It is very clear that more and more of university materials can now be accessed using electronic readers.  Whilst this is likely to be a good thing (in terms of convenience), there are two main issues (that are connected to each other) that I think that we need to bear in mind. 

The first is a very practical issue.  It is: how do you get the materials onto our device?  Two related questions are: how can we move our materials between different devices? and, how do we effectively manage the materials once we have saved them to our devices?  We might end up downloading a whole set of different files, ranging from different module blocks, assignments and other guidance documents.  It’s important to figure out a way to best manage these files:  we need to be literate in how we use our devices.   (As an aside, these questions loosely connect with the nebulous concept of the Personal Learning Environment).

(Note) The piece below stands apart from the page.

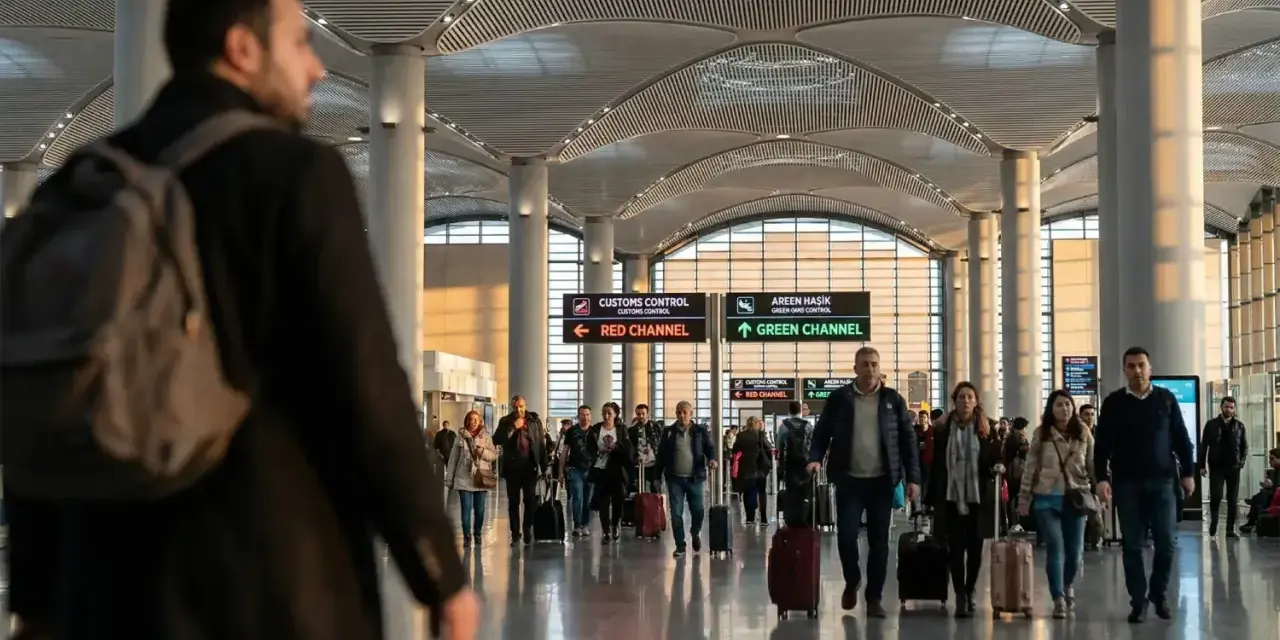 Ludzie z walizkami w nowoczesnym terminalu lotniska. Zastanawiasz się, co można przywieźć z Turcji samolotem?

The second issue relates to learning.  In the first presentation, Anne mentioned the term ‘active learning’.  The Good Study Guide contains a chapter about ‘making notes’.  Everyone is different, but I can’t help but think that there’s an opportunity for ‘practice sharing’.  What I mean is that there’s an opportunity to share stories of how learners can effectively make use of these mobile devices, perhaps in combination with more traditional approaches for study (such as note taking and paraphrasing).  Sharing tips and tricks about how mobile devices can fit into a personalised study plan has the potential to show how these new tools can be successfully applied.

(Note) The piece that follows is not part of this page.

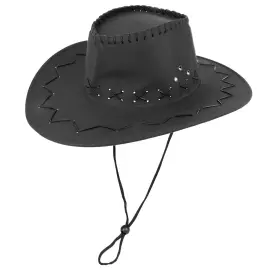 Deluxe Cowboyhatt med Sn&ouml;re Svart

A final thought relates to the broad subject of learning design.  Given that half of all households now have access to e-readers of one form or another (as stated in the first presentation I’ve covered) module teams need to be mindful of the opportunities and challenges that these devices can offer.  Although this is slightly away from my home discipline and core subject, I certainly feel that there needs to be work to be done to further understand what these challenges and opportunities might be.  I’m sure that there has been a lot more work carried out than I am aware of.  If you know of any studies that are relevant, please feel free to comment below.

Video recordings of these presentations are available through the university Stadium website.

Permalink 1 comment (latest comment by Jonathan Vernon, Wednesday, 5 Mar 2014, 23:38)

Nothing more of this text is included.